A Comparison of Online Automatic Speech Recognition Systems and the Nonverbal Responses to Unintelligible Speech
This work provides practical guidance for researchers in selecting ASR services and insights for healthcare communication training, but it is incremental as it compares existing systems without introducing new methods.
The study compared the performance of five automatic speech recognition (ASR) systems and manual transcriptions, finding that manual transcriptions are superior and YouTube offers the most accurate ASR service, with concrete word error rates used for evaluation. It also identified that variability in listener smile intensity is high when speech is clear and low when unintelligible, based on data from videoconferencing interactions between student doctors and simulated patients.

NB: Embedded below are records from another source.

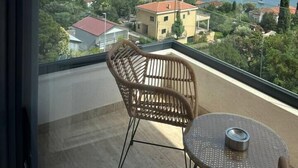 A balcony with a wicker chair and a small table, overlooking a coastal town and the sea. - Penthouse apartment with sea view and pool area (Đenovići)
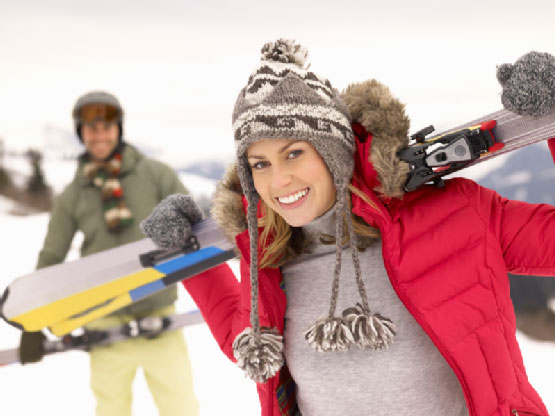 Woman in red jacket enjoying winter season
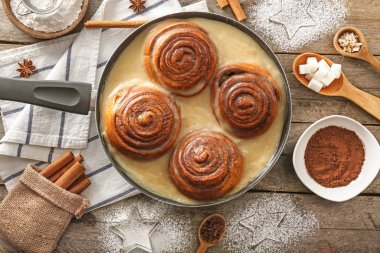Lezzetli tarçınlı tava ve ahşap masada krema.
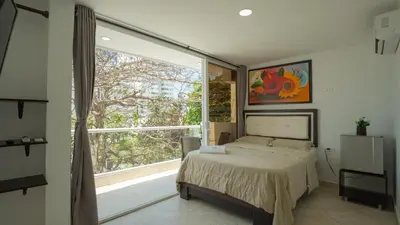 a bedroom with a bed and a large window at Hollywood Beach Suite in Cartagena de Indias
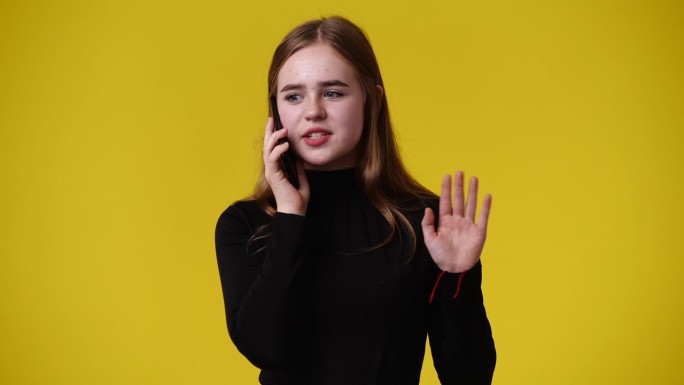 一个女孩用手机的4k视频，黄色背景。
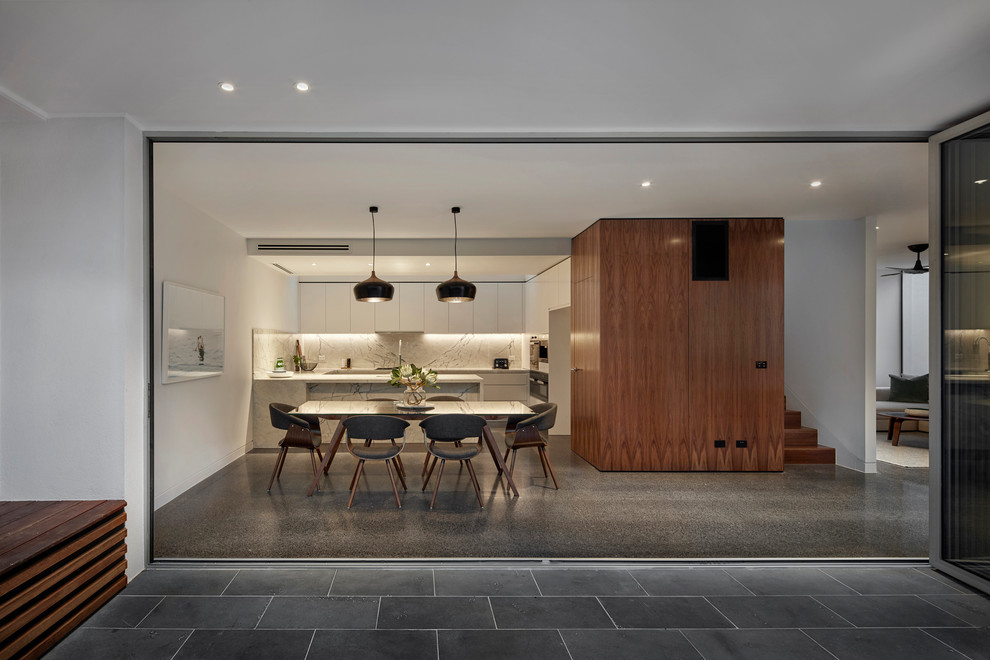 This is an example of a large contemporary kitchen/dining combo in Melbourne with white walls, concrete floors and no fireplace.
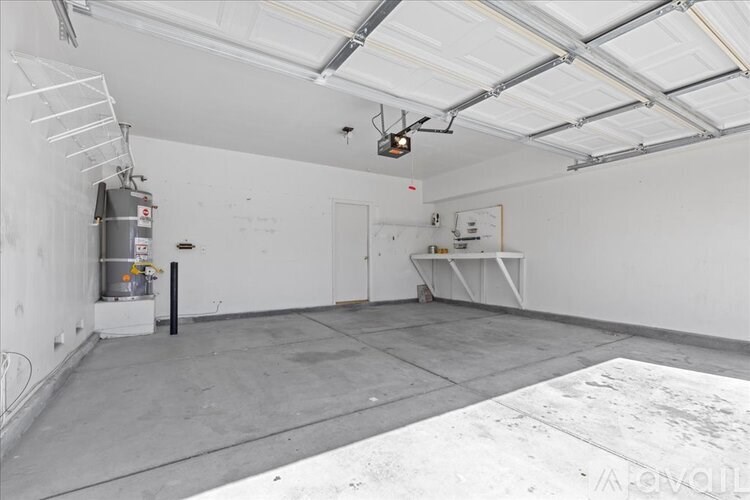 A large, empty room with a white table and a white cabinet.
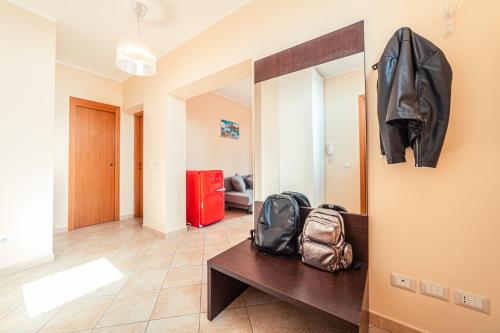 a room with a table with a backpack and a mirror at Mosaico Taormina Guest House in Taormina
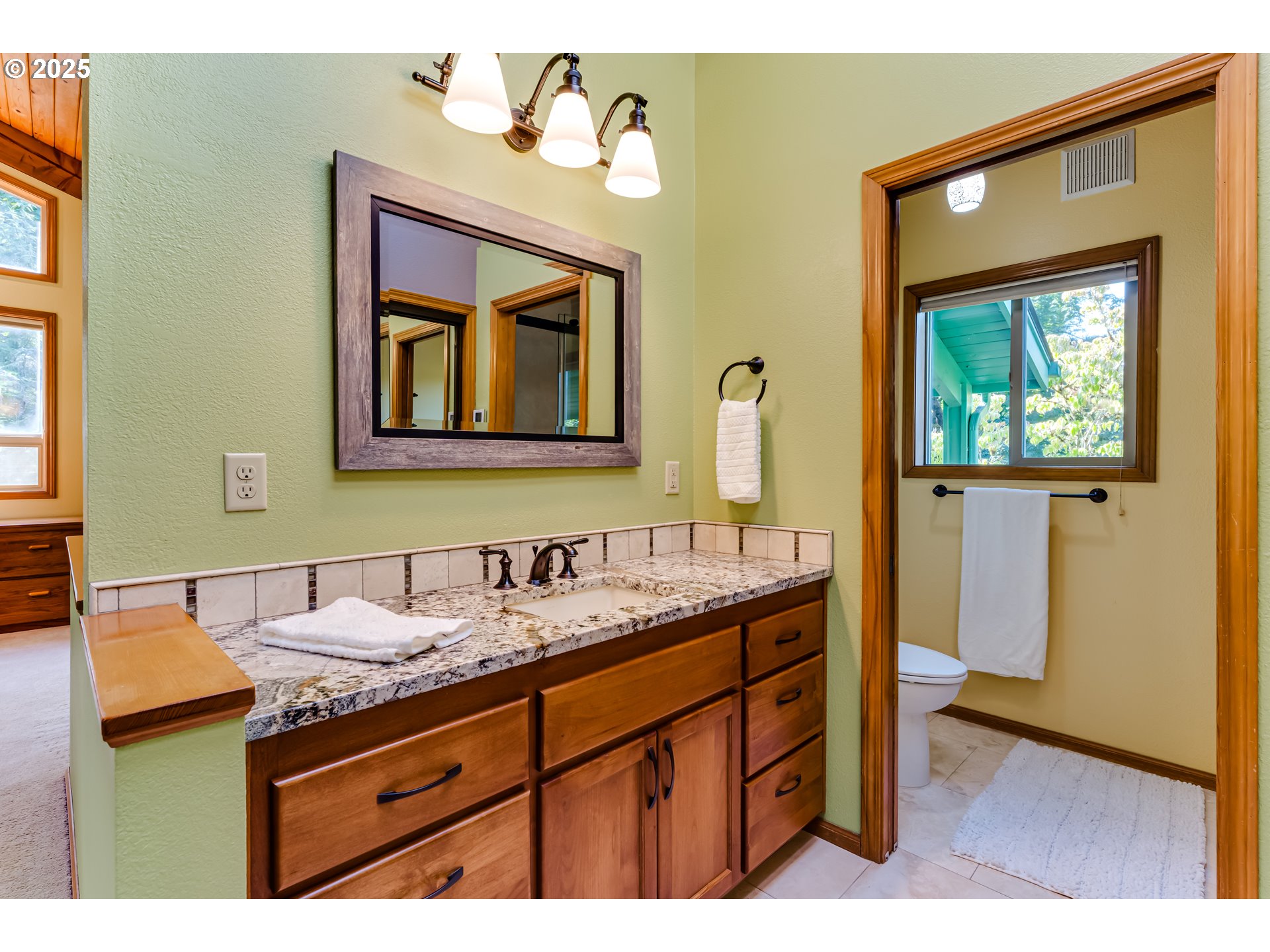 90498 Sunderman Road Springfield, OR 97478 - Photo 26 of 47 a bathroom with a sink and a mirror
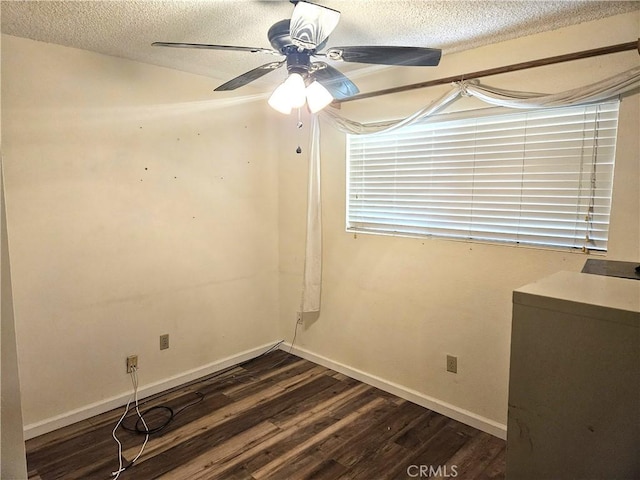 spare room with ceiling fan, dark hardwood / wood-style flooring, and a textured ceiling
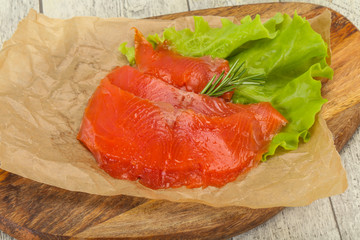 Sliced salmon fillet served rosemary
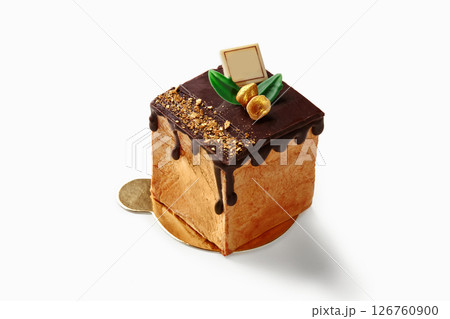 Delicious mini cake with chocolate icing and gold flakes on white background 126760900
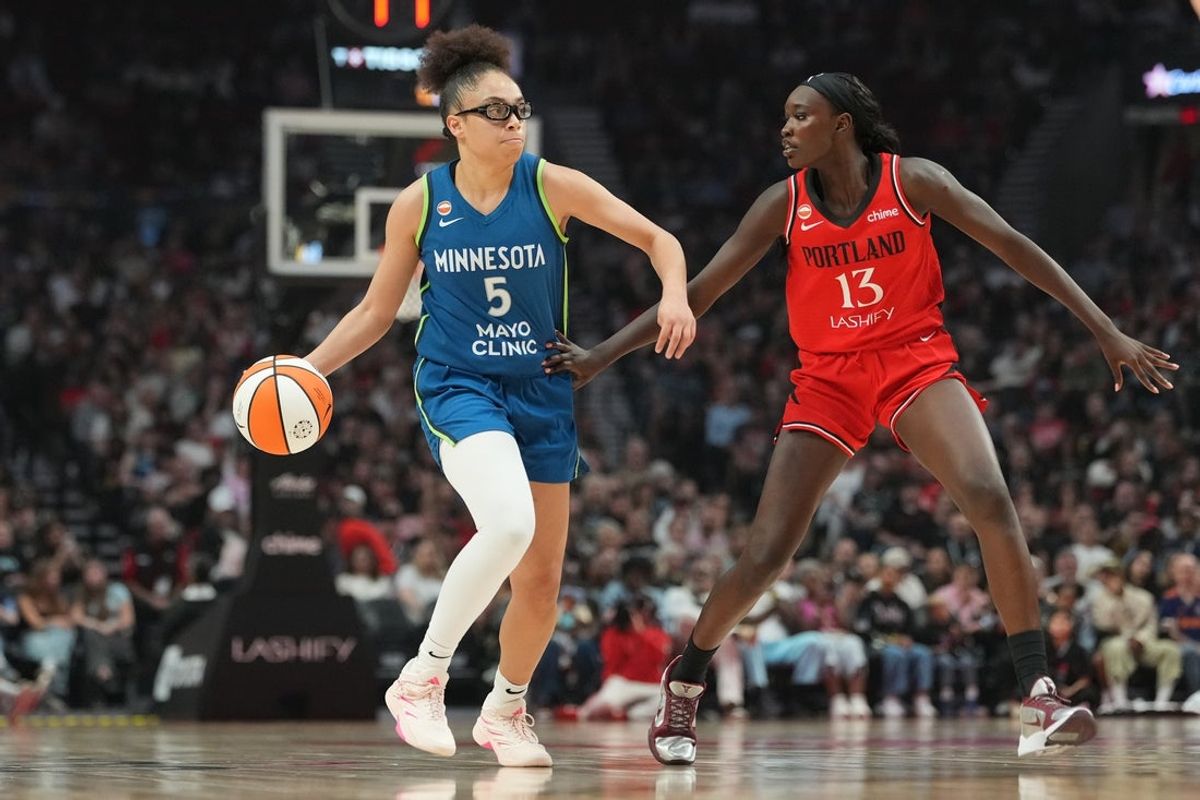 Aug 12, 2026; Portland, Oregon, USA; Minnesota Lynx guard Olivia Miles (5) handles the ball against Portland Fire forward Nyadiew Puoch (13) during the first half at Moda Center. Mandatory Credit: Soobum Im-Imagn Images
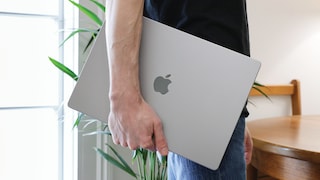 Mann trägt MacBook unter dem Arm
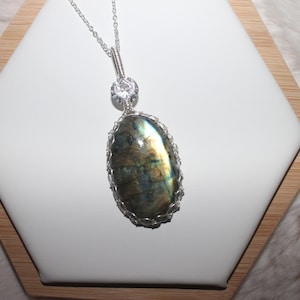 May include: A silver-toned pendant necklace featuring a large, oval-shaped labradorite gemstone with iridescent blue and gold flashes. The stone is encased in a decorative wire-wrapped setting, topped with a small, clear, faceted accent stone.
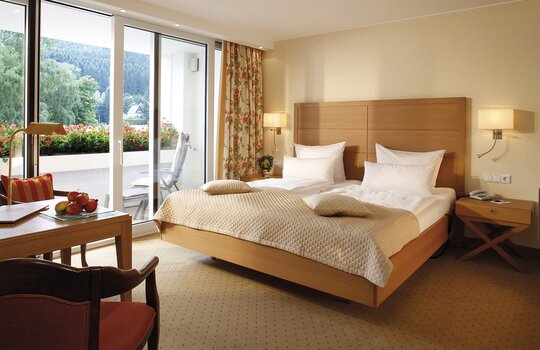 Das Doppelzimmer "Superior" in der alten Sägerei im Romantik- und Wellnesshotel Deimann, ausgestattet mit einem großen Doppelbett und einem Balkon
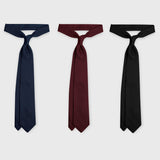 Set for Life by Aklasu, the three grenadine ties displayed flat.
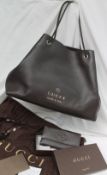 A brown leather Gucci Handbag, with a textured body, gilt logo with a braided handle, No.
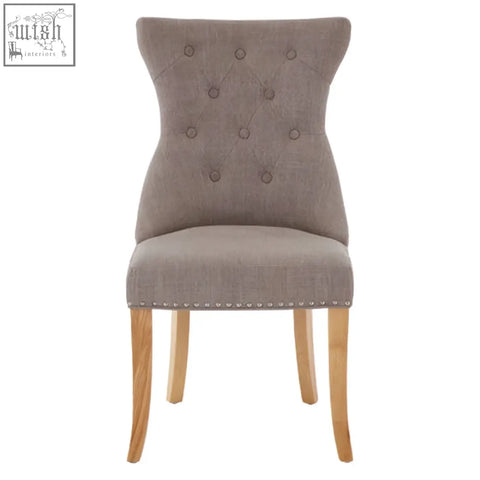 Beige tufted regents park mink linen dining chair with nailhead trim and light wooden legs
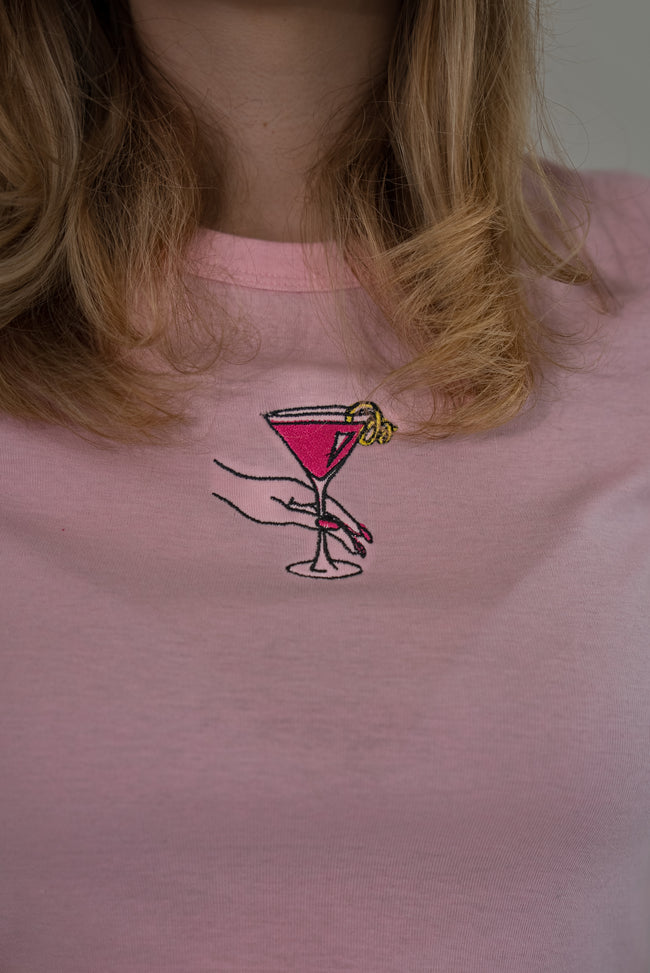 A close-up of a person wearing a light pink crewneck t-shirt with a small embroidered graphic of a hand holding a pink martini glass on the chest.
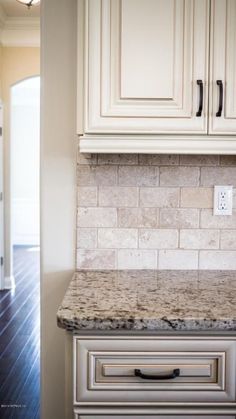 a kitchen with white cabinets and marble counter tops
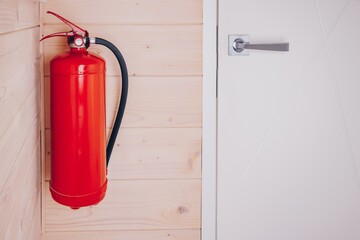 A Bright Red Fire Extinguisher Mounted on a Wooden Wall Beside a Modern Door for Efficient Fire Safety Preparedness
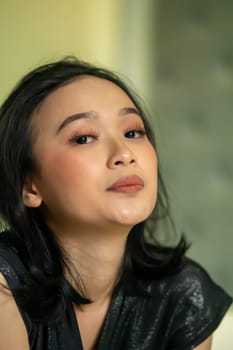 Hangover faces of Indonesian women after drunk in the bedroom lonely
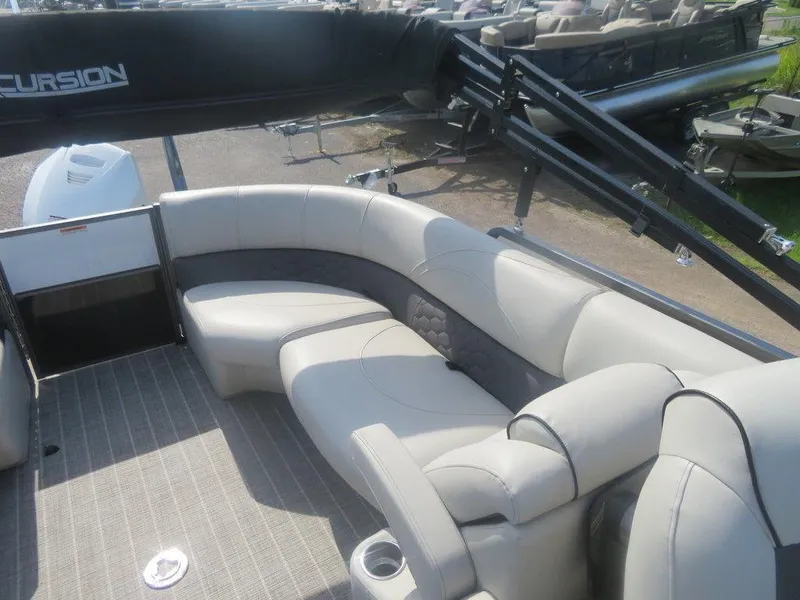 Slide: The Image of 2020 Xcursion 245 Sport Toon boat with trailer, featuring spacious seating. - 5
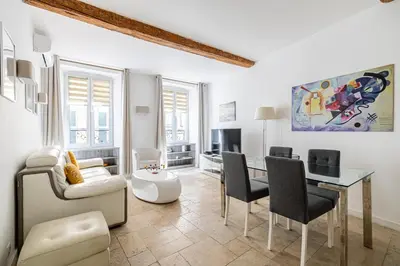 a white living room with a table and chairs at LE MEYNADIER lumineux dans le centre historique, proche des plages et Palais in Cannes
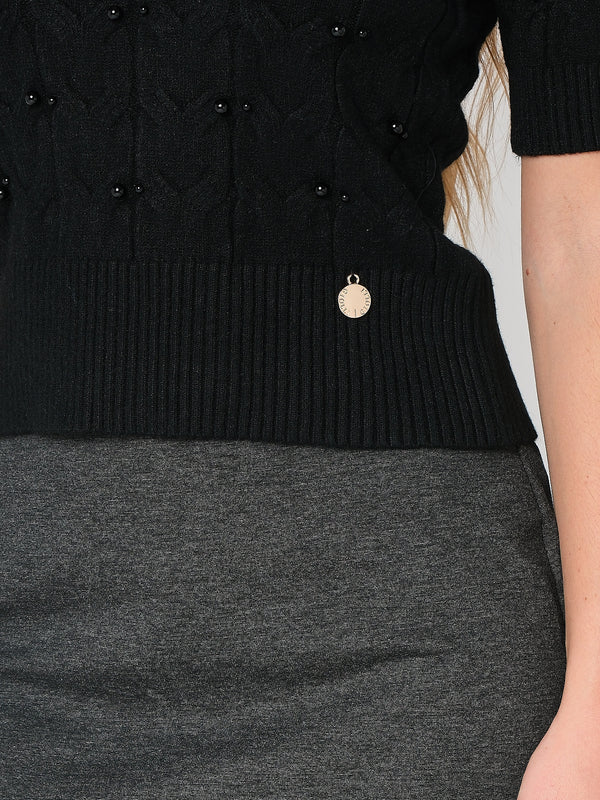 Maglia a trecce con perline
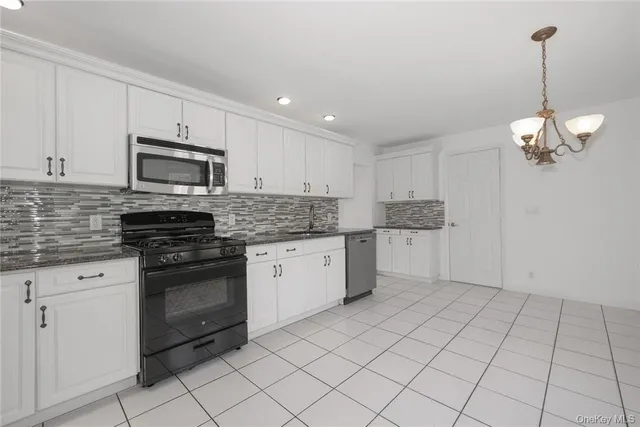 a kitchen with granite countertop white cabinets stainless steel appliances and a counter space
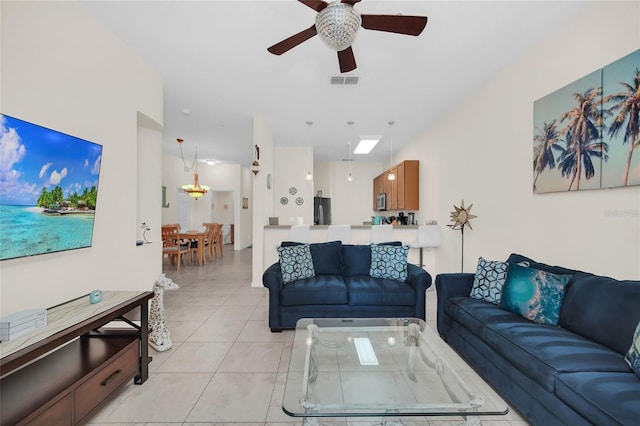 living room with visible vents, ceiling fan, and light tile patterned floors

Automatic Speech Recognition (ASR) systems have proliferated over the recent years to the point that free platforms such as YouTube now provide speech recognition services. Given the wide selection of ASR systems, we contribute to the field of automatic speech recognition by comparing the relative performance of two sets of manual transcriptions and five sets of automatic transcriptions (Google Cloud, IBM Watson, Microsoft Azure, Trint, and YouTube) to help researchers to select accurate transcription services. In addition, we identify nonverbal behaviors that are associated with unintelligible speech, as indicated by high word error rates. We show that manual transcriptions remain superior to current automatic transcriptions. Amongst the automatic transcription services, YouTube offers the most accurate transcription service. For non-verbal behavioral involvement, we provide evidence that the variability of smile intensities from the listener is high (low) when the speaker is clear (unintelligible). These findings are derived from videoconferencing interactions between student doctors and simulated patients; therefore, we contribute towards both the ASR literature and the healthcare communication skills teaching community.